Ostatnie dni to dla nas mieszanka chwil wytężonej pracy, radosnych oraz takich, podnoszących poziom adrenaliny. W dalszym ciągu próbujemy oczyścić teren z różnych pomysłów budowlańców na ułatwienie sobie pracy. Tym razem na tapetę poszli tynkarze, którzy wzorem murarzy rzucali na kupkę resztki zaprawy tynkarskiej. I nie byłoby to nic problematycznego, gdyby nie to, że ta masa była zmieszana z kawałkami pianki dylatacyjnej, narożników aluminiowych oraz worków foliowych. Nie muszę chyba tłumaczyć jak "lekko" sprząta się takie niespodzianki łopatą? Jednak powolutku kolejne kawałki terenu pozbywają się niepotrzebnego balastu.
* oryginalny post z pewnych względów został zmieniony - może kiedyś raz jeszcze o tym napiszę *
Dawno temu był sobie pewien Ulrich, który, mówiąc kolokwialnie, dostał w tubę od połączonych sił pod wodzą króla naszego Władysława. My też postanowiliśmy kontynuować tradycję narodową i w związku z tym na dachu powiesiliśmy sobie pewnego Ulricha, który również tuby posiada. Mowa oczywiście o próżniowym panelu solarnym (od razu prostuję jeden z moich komentarzy: solar to jednak tylko c.w.u a gaz i kominek to c.w.u + c.o). Bracia Mario, poza solarem, podłączyli również kominek do reszty instalacji i wczoraj wieczorem mogliśmy przetestować całość. Kilka szczapek drewna z palety drewnianej pozwoliło rozgrzać kaloryfery do całkiem wysokiej temperatury. W domku od razu zrobiło się przyjemniej. Nie dość, że mogliśmy ponapawać się magicznym urokiem ognia w domu to jeszcze temperatura podniosła się o dobre kilka(naście?) stopni. Ech, kiedy nastąpi ta chwila, w której usiądziemy na wygodnej sofie przy rozpalonym kominku i na wspomnienie wszystkich budowlanych problemów będziemy się jedynie uśmiechać?
Subskrybuj:
Komentarze do posta (Atom)
6 komentarzy:
Gratulujemy pierwszego odpalenia kaloryferów :)!! Piękna ta Wasza Bella i coraz bliżej do przeprowadzki.
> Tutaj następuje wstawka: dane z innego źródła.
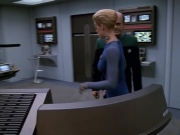 extant_StarTrek_VOY_5x07-InfiniteRegress_02101.jpg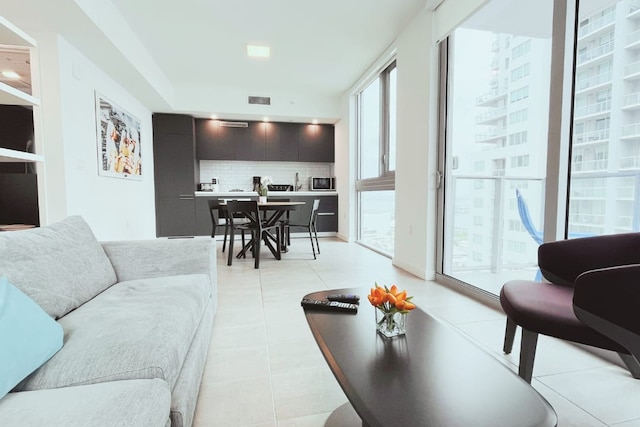 ユア テラス ユア ベイ ユア モーメント プール ジム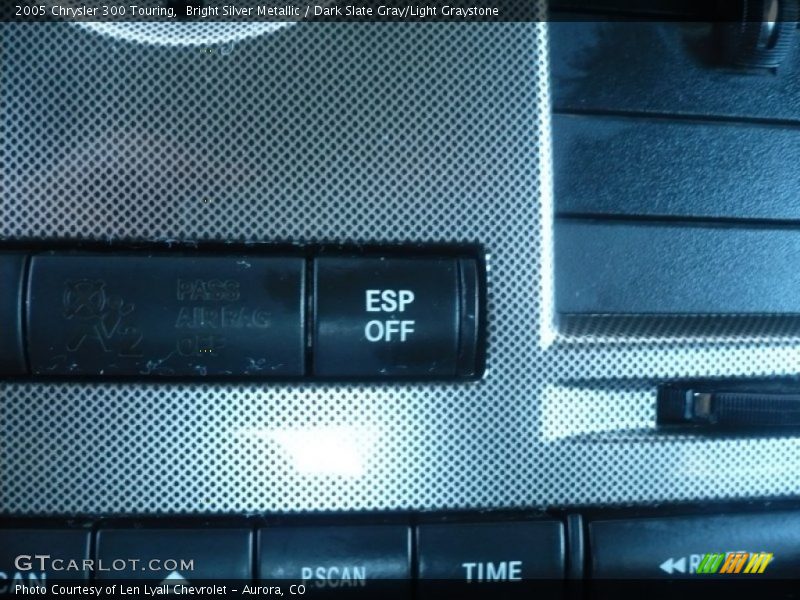 Bright Silver Metallic / Dark Slate Gray/Light Graystone 2005 Chrysler 300 Touring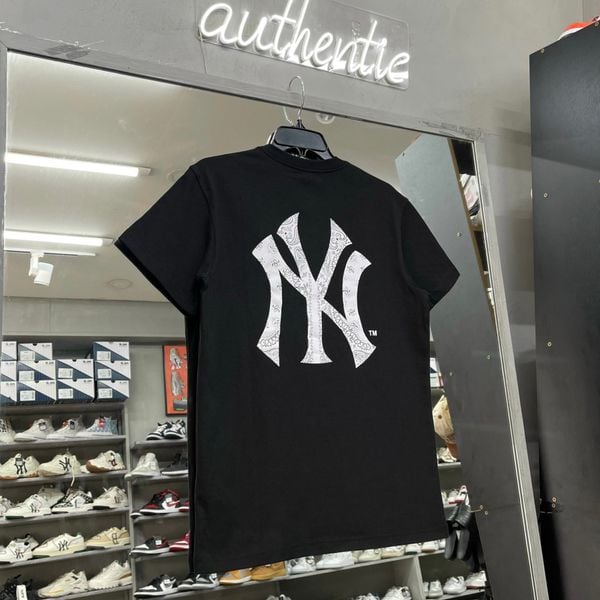 84 - Áo New Era Big Paisley Logo NY - 12715359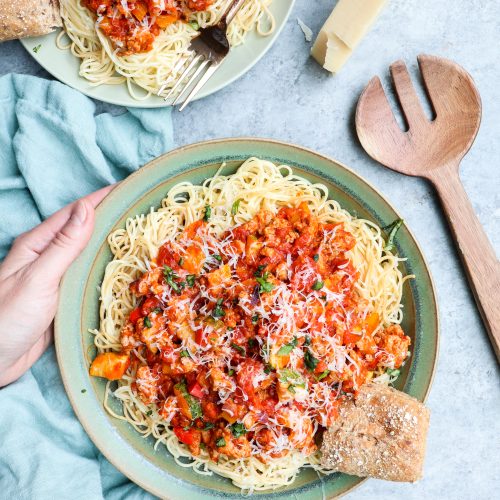 turkey & confetti veggie spicy pasta | cait's plate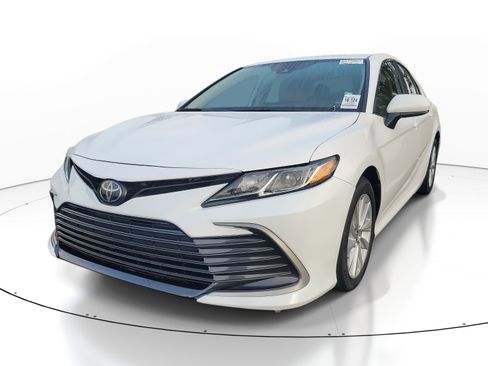 Used 2024 Toyota Camry LE image 3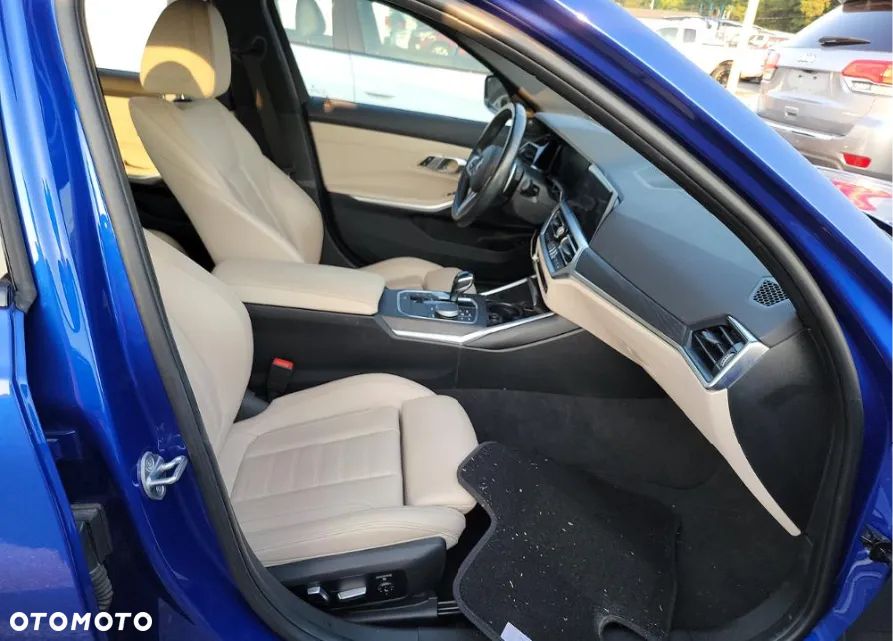 BMW Seria 3 330i xDrive M Sport - 10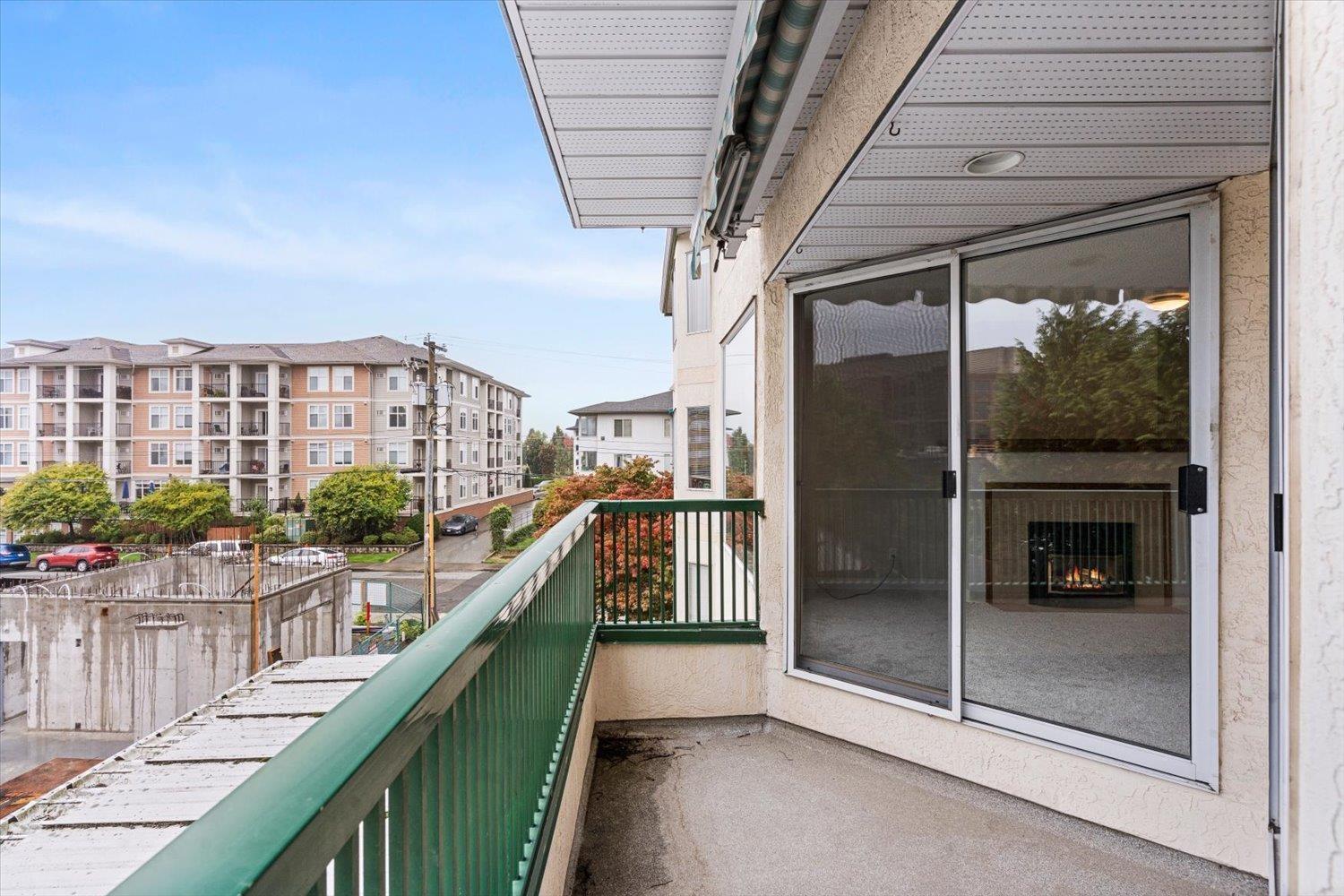 Photo of 205 45604 BRETT AVENUE, Chilliwack Proper West 31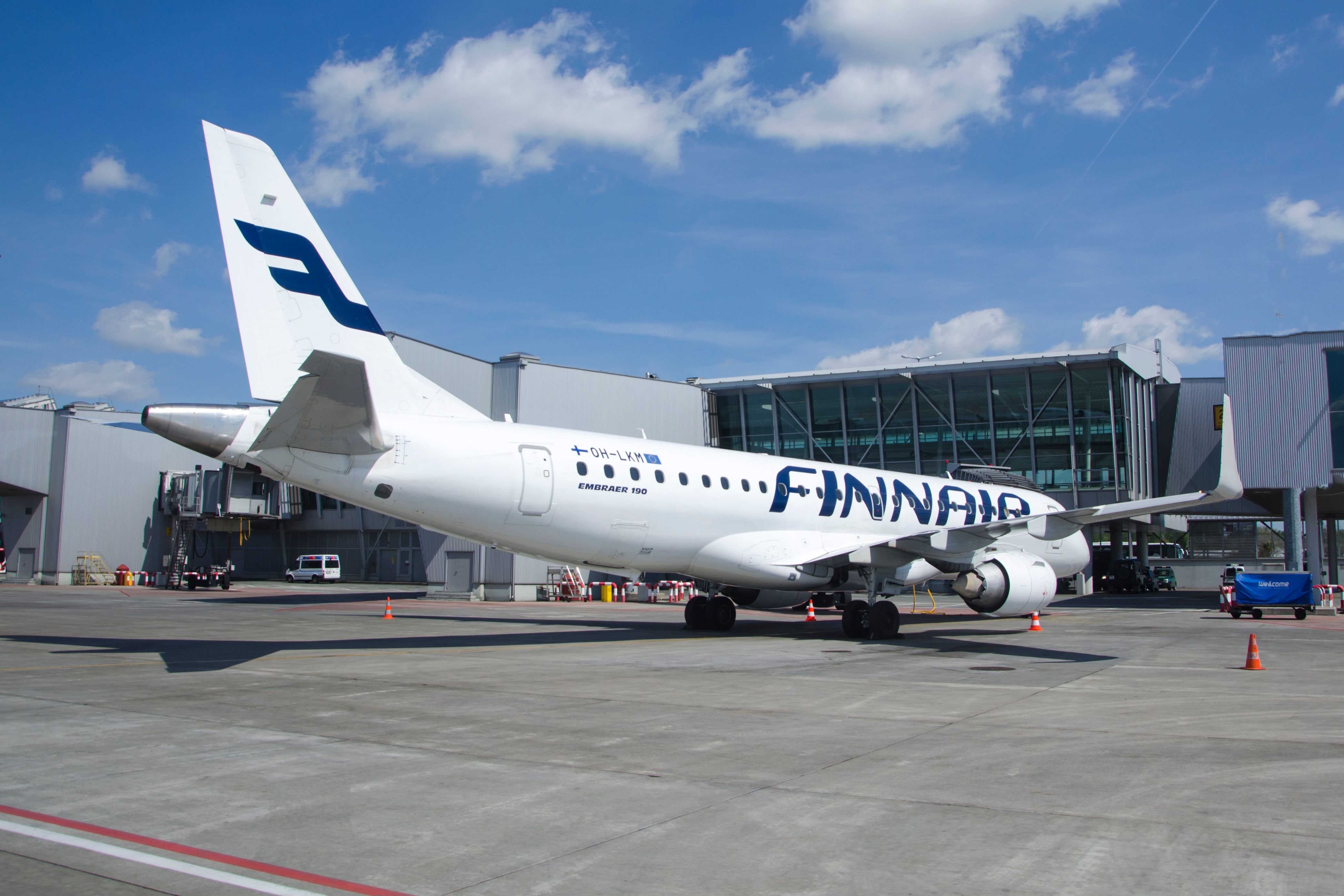 Finnair E190 at gate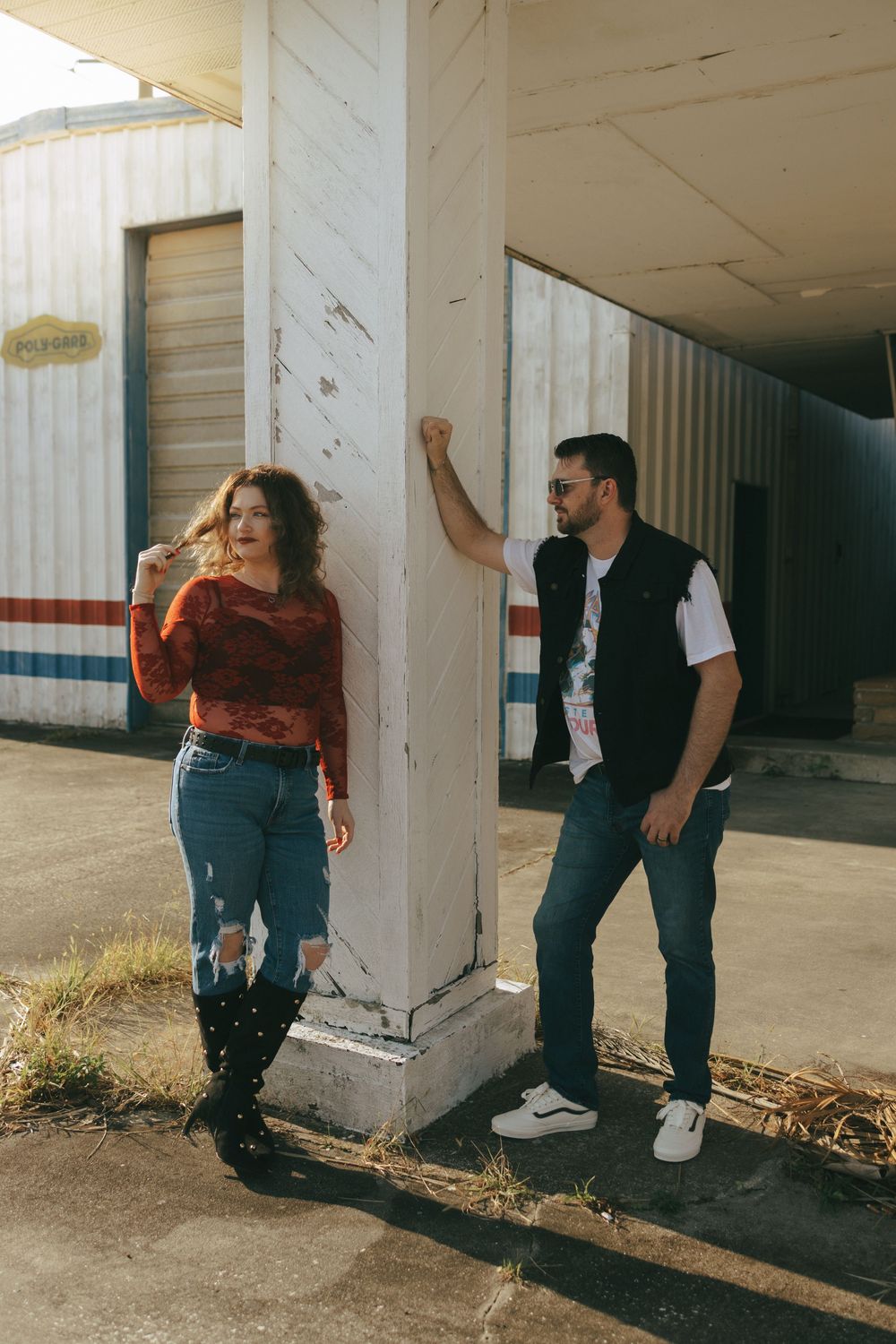 80s vintage car couples photoshoot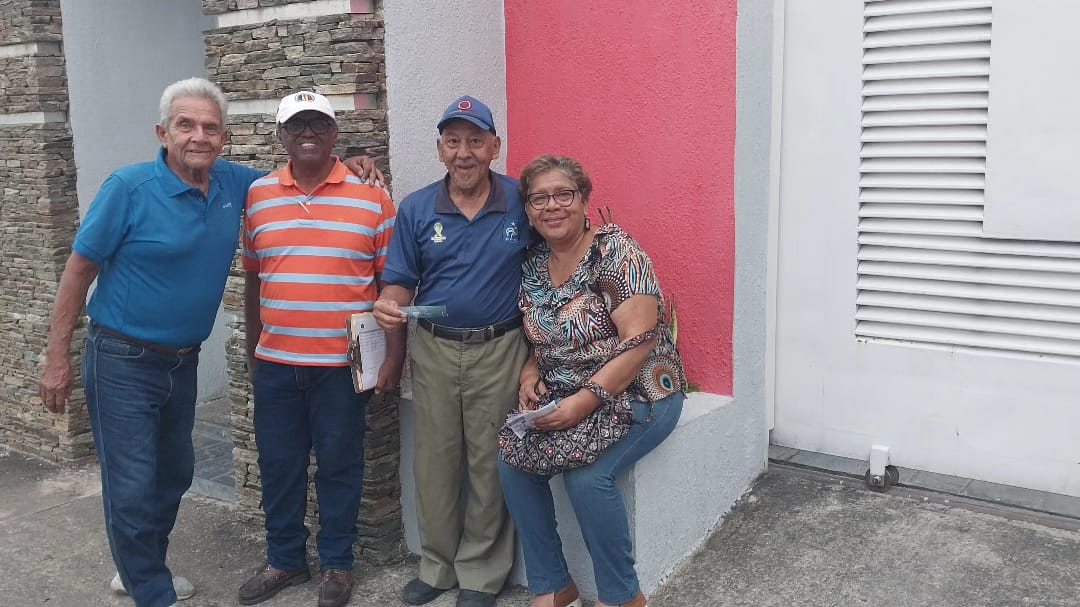 StalinLinares's tweet photo. Ayer en el sector Carrmen Norte de Santa Rosa se siente la presencia del próximo Presidente de Venezuela Compañero y Líder @prospericarlos. Acción Democrática sin descanso hasta lograr Una Venezuela libre y de los venezolanos 

Secretaría General del @CEMValmoreRVale https://t.co/fEFxf016Iv
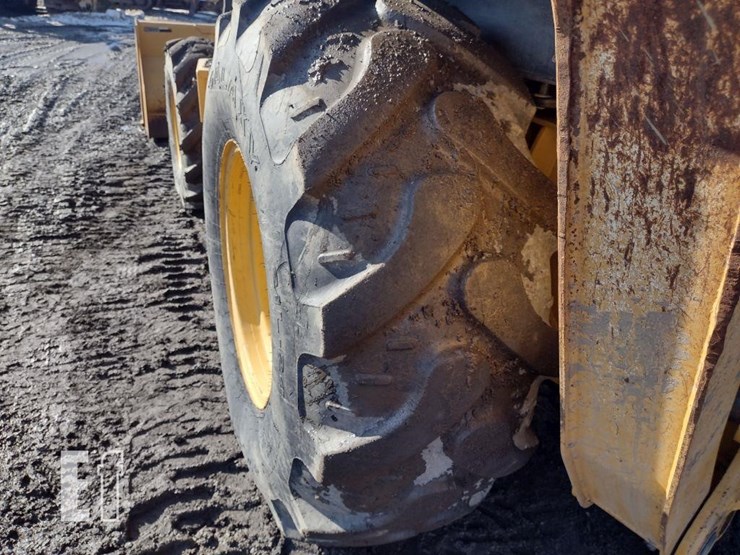 2018-deere-410l-image-27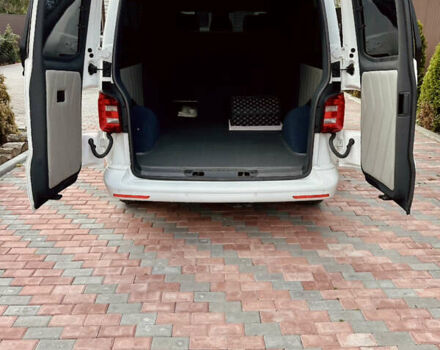 Білий Фольксваген Transporter, об'ємом двигуна 2 л та пробігом 238 тис. км за 31500 $, фото 12 на Automoto.ua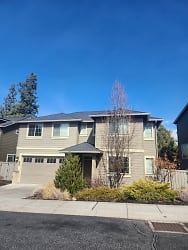 2364 NW Debron Ln - Bend, OR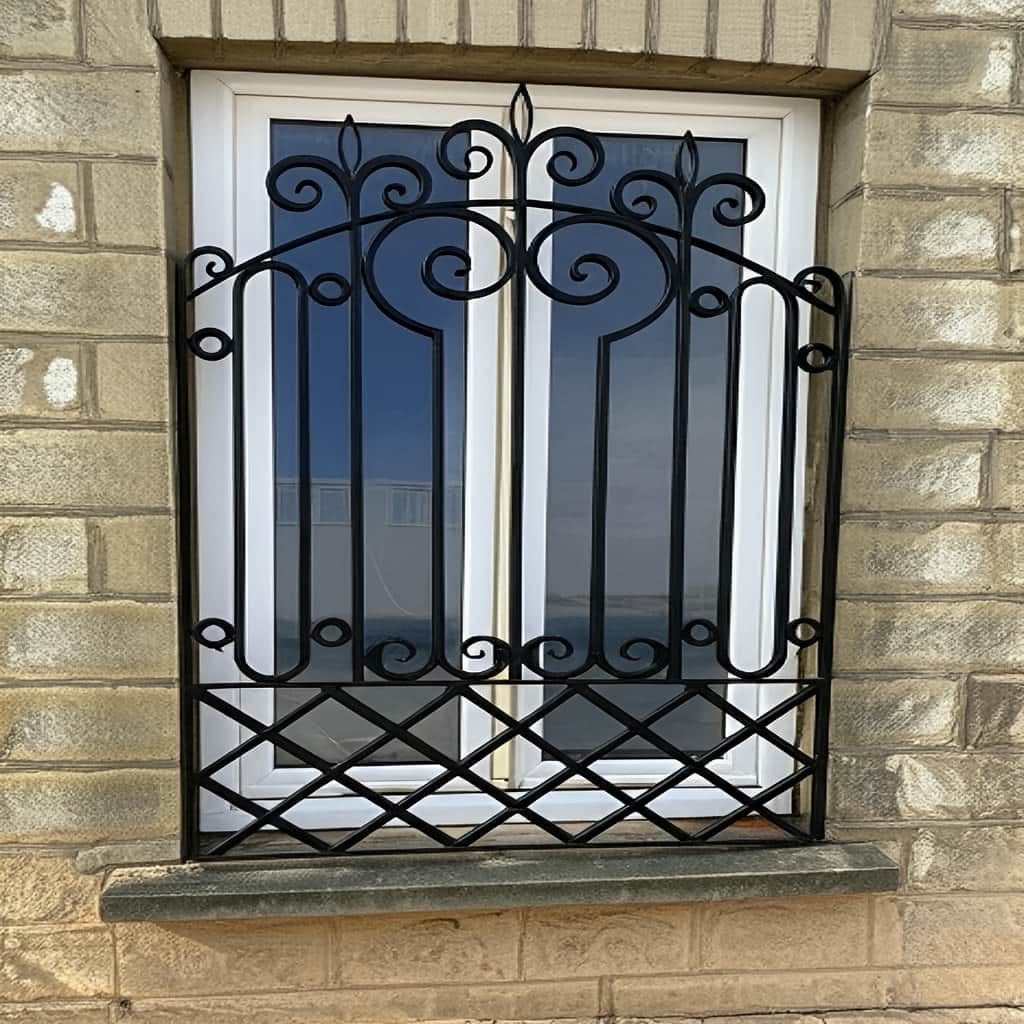 حفاظ پنجره طبقه همکف در مرحله اندازه گیری دهانه حفاظ پنجره طبقه همکف در مرحله اندازه گیری دهانه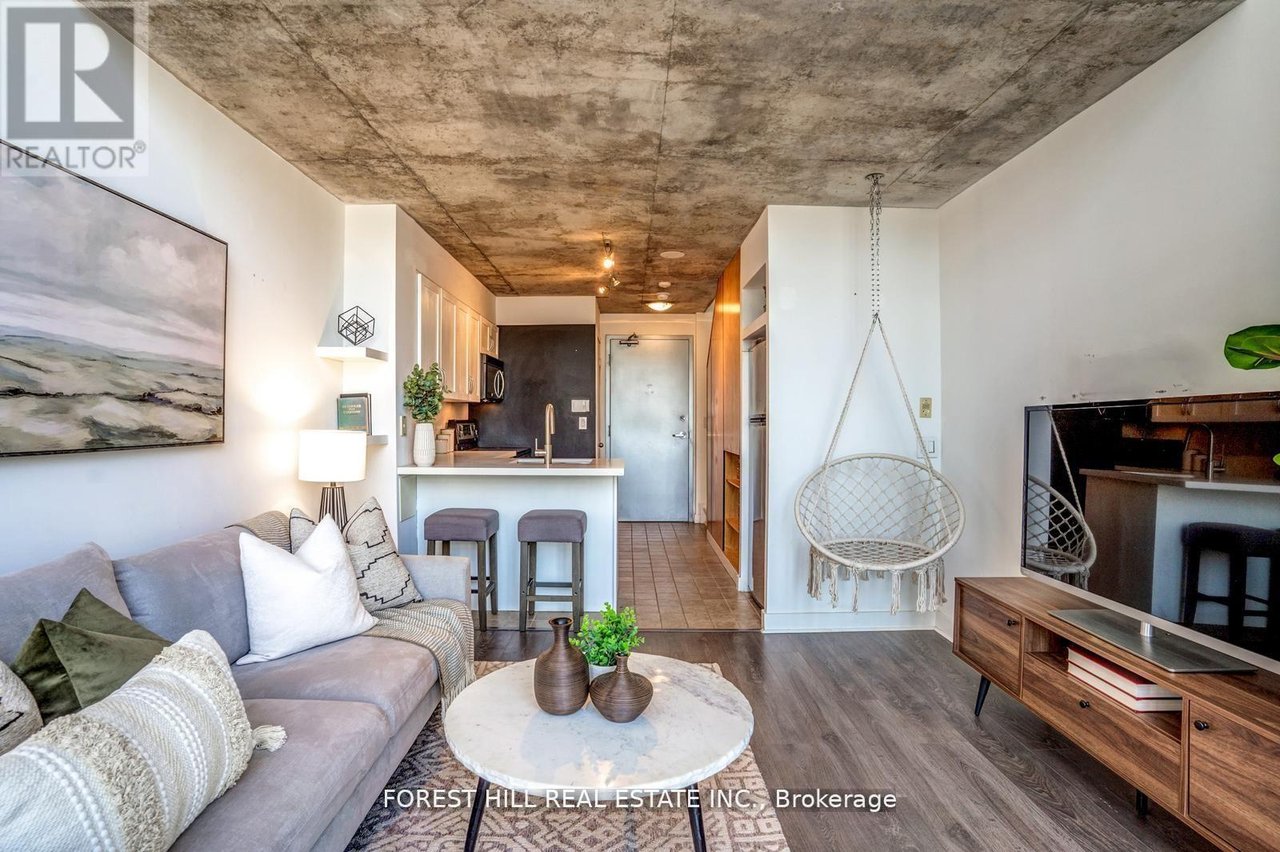 255 Richmond St E, #816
Dziękujemy bardzo, że ponownie pozwoliliście nam obejrzeć Wasz domek i przepraszamy za tak nie spodziewaną wizytę.
Pozdrowienia
Agnieszka i Damian
Witajcie,
nie przejmujcie się, nie ma za co przepraszać :) W końcu sami zaproponowaliśmy odwiedziny :)
Pozdrowienia,
Robert
Jestsmy z męzem pod wielkim wrażeniem jak świetnie wygląda Wasza Bela. Od dawna Wam kibicujemy i wyczekujemy kolejnych zdjęć. Ja zakochałam się w tym domku od pierwszego wejrzenia i udało mi się przekonać męża :)
W końcu rusza powoli machina papierkowa, dostalismy już działkę i rozmówiliśmy się z architektem i ruszamy z pierwszymi załatwieniami. Może za rok ruszymy...
Narzaie kibicujemy Wam i wyczekujemy fotek z parapetówy...
Pozdrowienia z podkarpacia
Agnieszka i Marek :)
Witaj,
chętnie byśmy już porobili jakieś zdjęcia na parapetówie :) Ale roboty jest jeszcze masa :o ;)
Pozdrawiam i życzę powodzenia,
Robert
Jeśli mogę zapytać jaka jest u Pana wysokość mieszkań
Witaj,
szczerze mówiąc to nie wiem, ale chciałbym wierzyć że tak jak w projekcie :) Postaram się nie zapomnieć zmierzyć.